Autoencoder only returns gray images

Stanley_C · August 14, 2020, 5:30pm

For my project, I am attempting to write an autoencoder, where the input and output grayscale images are slightly different. At first, I thought my conv net was not working, so I tried to have the autoencoder recreate the original input, but no matter what, the autoencoder on returns an gray image.
I’m currently using my custom dataset, which I wrote with @ptrblck help, but when testing if my conv net has issues, I pass the x(input) as both x(input) and y(output).
Here is my dataloading. My grayscale images are original 0 to 255, but I have read that Transform.toTensor(), automatically scales between 0 and 1, so I don’t need to change the input.

transform = transforms.Compose(
                   [transforms.ToTensor()])

# load the training and test datasets
class MyDataset():
	def __init__(self, csv_file,transform=None):
		self.image_paths = pd.read_csv(csv_file, header = 0)
		self.transform = transform

	def __getitem__(self, index):
		#print(self.image_paths[index])
		#image_transformed = load_image(self.image_paths[index])
		#print(index)
		#print(self.image_paths.loc[[index]])
		current = self.image_paths.iloc[index]
		#print(current.shape)
		#image_transformed = current.iloc[1]
		image = Image.open(current.iloc[0])
		image_transformed = Image.open(current.iloc[1])

		#image, image_transformed = load_image(self.image_paths[index])

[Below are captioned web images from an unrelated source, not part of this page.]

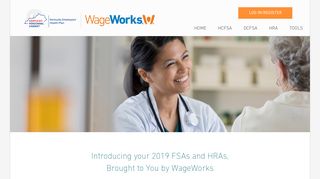 WageWorks  com/KEHP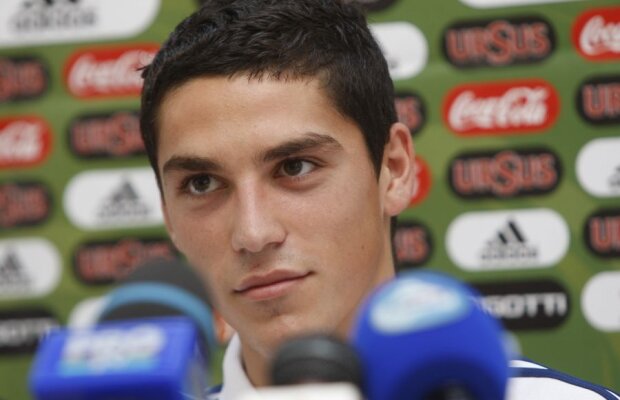 Nicolae Stanciu: "Trebuie să-mi văd de treabă, nu am demonstrat nimic"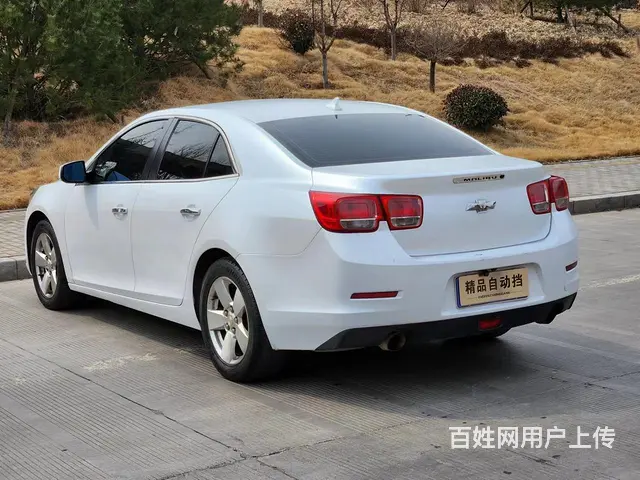 雪佛兰 迈锐宝 2013款 2.4 手自一体 SX SIDI - 图片 4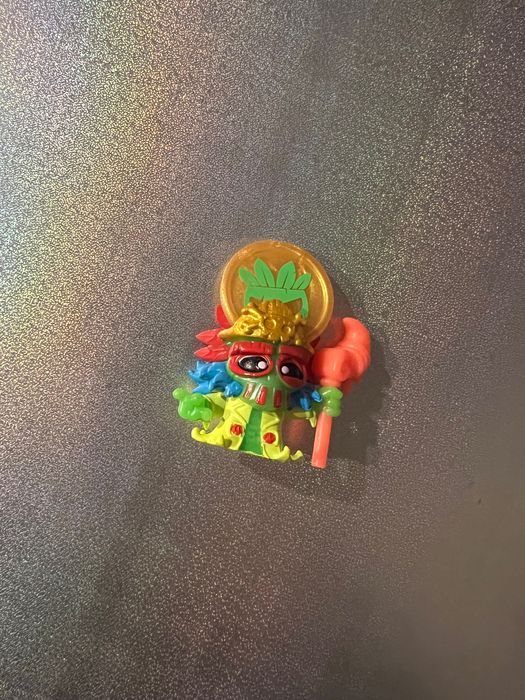 Piratix WILD MASK (maska). Ultra rzadki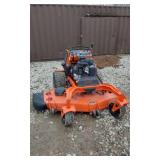 2023 BAD BOY REVOLT MOWER - 61 INCH -STAND ON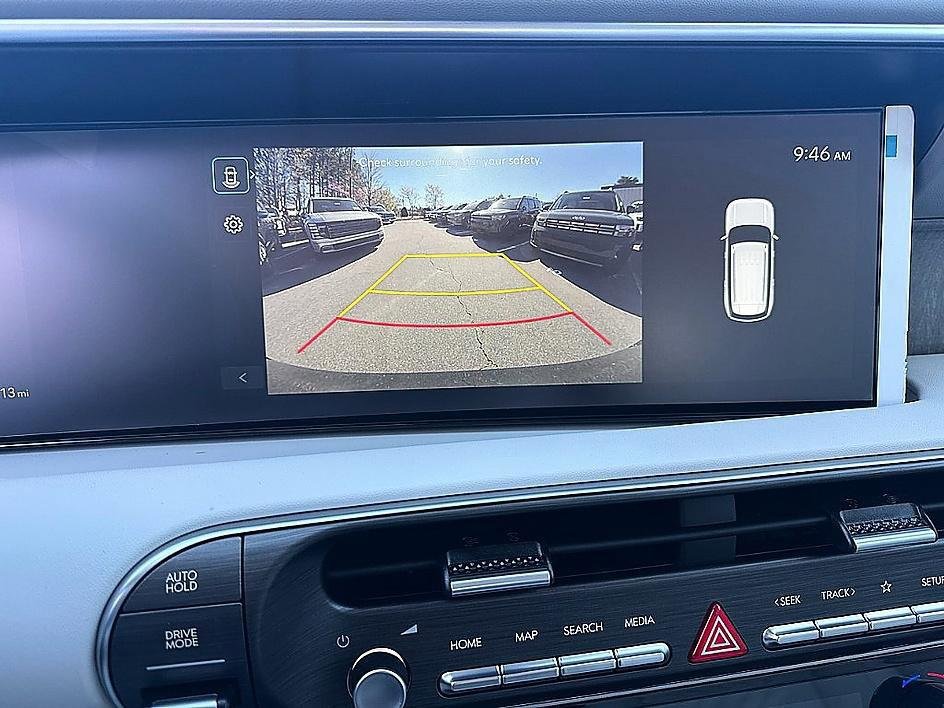 New 2026 Ecotronic Gray Pearl Hyundai SEL FWD image 24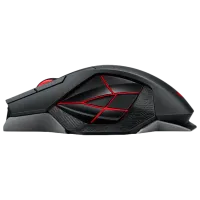 Mouse Asus ROG Spatha USB/ Black photo 3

		# transformations, e.g. Random Crop etc. 
		# Make sure to perform the same transformations on image and target
		# Here is a small example: https://discuss.pytorch.org/t/torchvision-transfors-how-to-perform-identical-transform-on-both-image-and-target/10606/7?u=ptrblck

		#x, y = TF.to_tensor(image), TF.to_tensor(image_transformed)
		x = torch.from_numpy(np.array(image))
		y = torch.from_numpy(np.array(image_transformed))




		return x, y

	def __len__(self):
		return len(self.image_paths)


# In[ ]:


# Create training and test dataloaders

num_workers = 0
# how many samples per batch to load
batch_size = 10

# prepare data loaders
train_loader = torch.utils.data.DataLoader(MyDataset("./train.csv"), batch_size=batch_size, num_workers=num_workers)
test_loader = torch.utils.data.DataLoader(MyDataset("./test.csv"), batch_size=batch_size, num_workers=num_workers)

For reading the shape, it seems like the grayscale image returns as a (width,height), then, I reshape the 2d image to a 4d input that I can feed into the neural network (1,1,width,height).
Here is my convnet

class ConvAutoencoder(nn.Module):
    def __init__(self):
        super(ConvAutoencoder, self).__init__()
        ## encoder layers ##
        # conv layer (depth from 1 --> 16), 3x3 kernels
        self.conv1 = nn.Conv2d(1, 4, 64, stride=1, padding=1)  
        # conv layer (depth from 16 --> 4), 3x3 kernels
        self.conv2 = nn.Conv2d(4, 4, 64, stride=1, padding=1)

        self.conv3 = nn.Conv2d(4, 4, 64, stride=1, padding=1)

        self.conv4 = nn.Conv2d(4, 3, 64, stride=1, padding=1)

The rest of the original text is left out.